The recent hack of NordVPN was big news in the tech world, but regular web users, if they heard about it at all, just shrugged it off as, yet, another hack. However, any attack on a major VPN provider needs to be taken seriously. Without a dependable VPN, privacy and security on the web vanishes.
“But I have nothing to hide. If you want to see what I’m doing, go right ahead.” This is the common, naive refrain of those who don’t completely understand cybersecurity and privacy. Sure, you may not have anything to hide, but what about your contacts, your friends, your family, or your company? What if your lack of understanding of the importance of privacy leads to a breach at your company? What if that breach is traced to you and your poor use of your device? What if you are subsequently fired? What if you lose your friends or the respect of your family? In other words, yes, privacy is your concern.
Privacy begins with your internet service provider (ISP), because they can see everything you do online. They can save all they learn about you in a file that only they can access. Of course, they may say this file is safe and protected, but, if, for some reason, the government needs to look at your history, odds are pretty good that they will let them. A VPN provider can interfere with this process. They can hide your activities from your internet service provider, but, they, too, can store your history on their servers This is why it is important to find out how the VPN provider protects the information they gather about you.
It’s not only governments that you would need to worry about if the VPN provider doesn’t protect your information. Your information could be vulnerable to hackers as well. This is why some VPN providers don’t maintain any logs of user information. In fact, NordVPN is one of these. As they highlight on their website; “Nothing to store – nothing to share with anyone.” So what happens if a government asks for your data? “If someone asks for it, the best we can do is shrug our shoulders. And we like it that way.”

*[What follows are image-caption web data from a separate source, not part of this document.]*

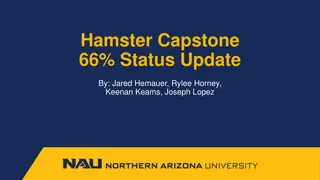 Hamster Capstone Project Updates and Iterations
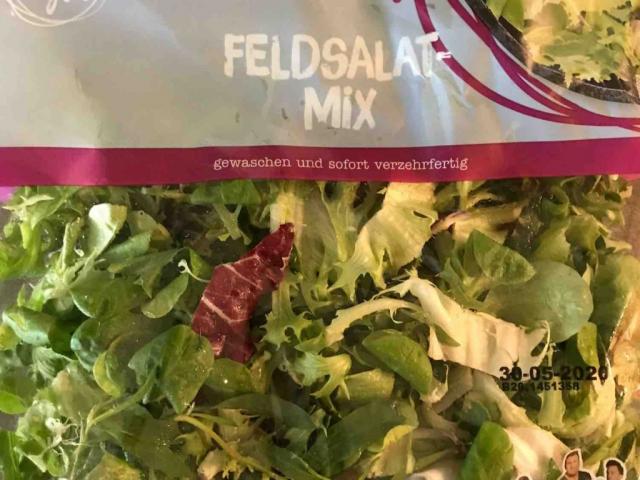 Feldsalat Mix von adrianaaa | Hochgeladen von: adrianaaa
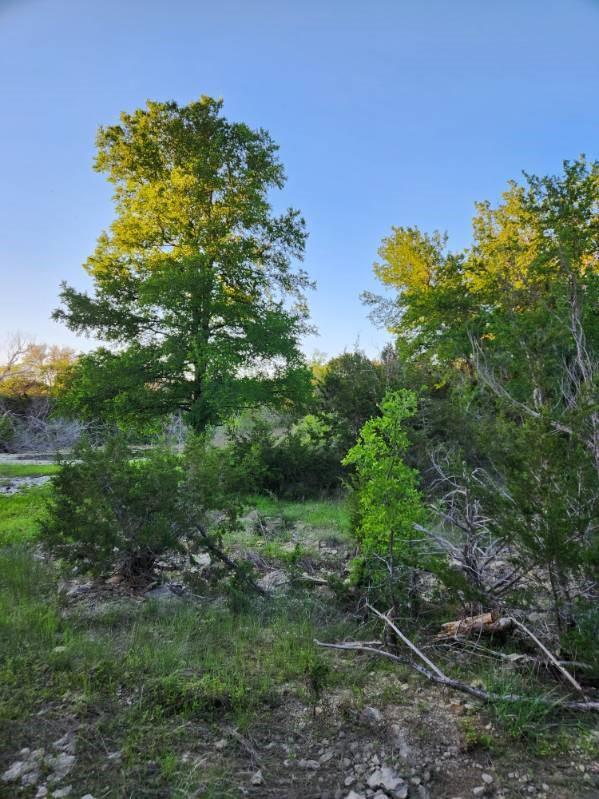 main property photo 18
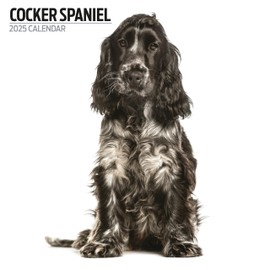 Cocker Spaniel Calendar 2025 Modern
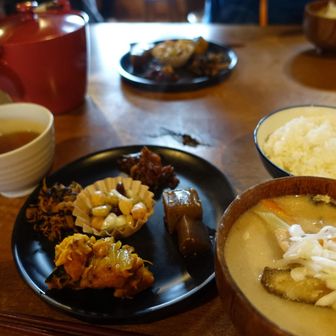 夕食、生姜の佃煮おいしかった！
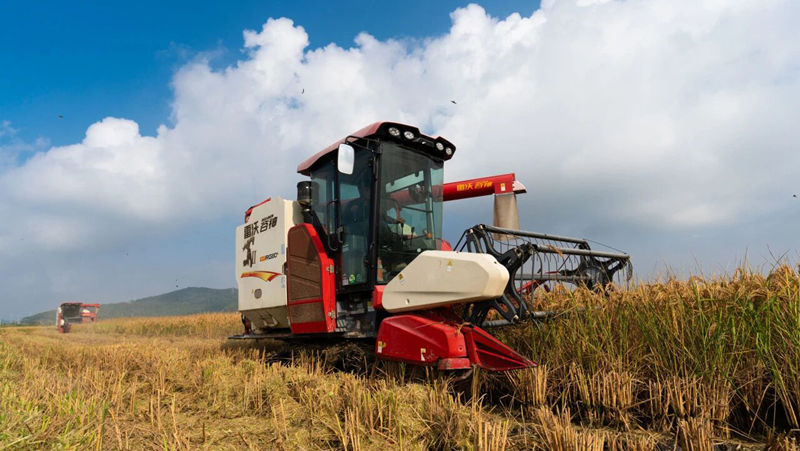 全力以赴奪取秋糧豐收，浙農(nóng)這樣做&rarr;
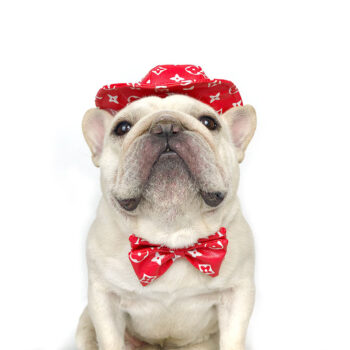 Dog Caps and Bow Tie - 2025 - Puppy Streetwear Shop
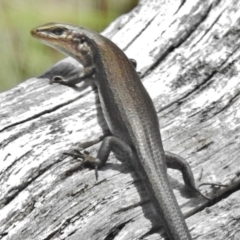 Pseudemoia entrecasteauxii (Woodland Tussock-skink) at Namadgi National Park - 7 Dec 2018 by JohnBundock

So, at least on the surface, it would seem impossible for anyone to hack NordVPN and get any information on any user. However, as you might guess, this is not the complete story. NordVPN admits that they have to store some of your information to operate your VPN service. They need to store your email address (after all, they need to communicate with you in case you want to change your password or need other support) and payment information (you may want a refund), They also store cookies to use with Google Analytics and to determine which of their partners may have sent you to their site. The fact that NordVPN does not store much information does not preclude them from watching what you are doing while online. This is made abundantly clear in their terms of service. There are numerous actions that can lead to the suspension of your account. Obviously, for them to know if you have committed one of these illegal actions, they need to watch you or have some third person report you. So, the definition of ‘privacy’ here is a bit fuzzy.
Nonetheless, NordVPN should still be difficult to hack. So what happened? Well, it seems that a server in Finland was hacked through a man-in-the-middle attack. The timeline of the attack is depicted in an explanation from the company.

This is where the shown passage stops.